**What the task requires**
An exact reproduction is needed of every line from the beginning of the data down to and including the line that contains "20 Servietten - 33", minus the pictures.

**Dataset section**
*** Block opens ***

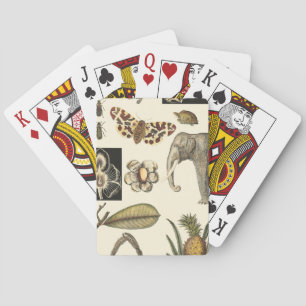 Assorted Animals Painted on Cream Background Poker Cards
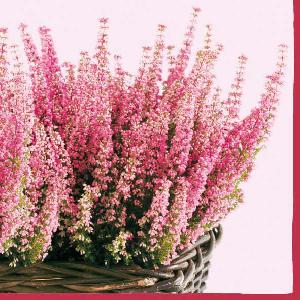 20 Servietten - 33 x 33 cm ERICA LILA,  Sommer,  Blumen -  Sonstige,  Herbst,  lunchservietten,  Heidekraut,  Erika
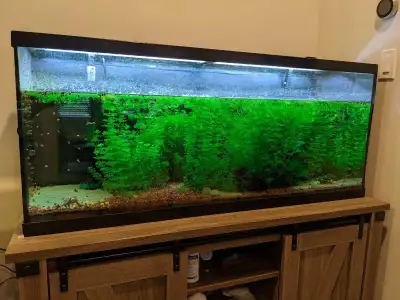 Selling Seachem Fluorite Red Substrate, lasts a lifetime. Plants grew really well with this substrat...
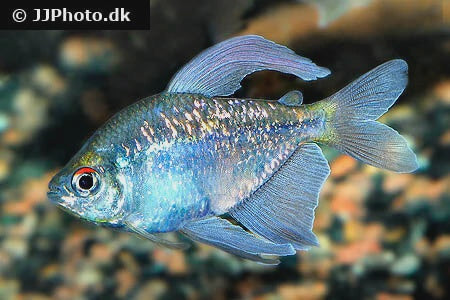 Tetra Blue Diamond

*** Block closes ***

**Result of this task**
 Assorted Animals Painted on Cream Background Poker Cards
 20 Servietten - 33 x 33 cm ERICA LILA,  Sommer,  Blumen -  Sonstige,  Herbst,  lunchservietten,  Heidekraut,  Erika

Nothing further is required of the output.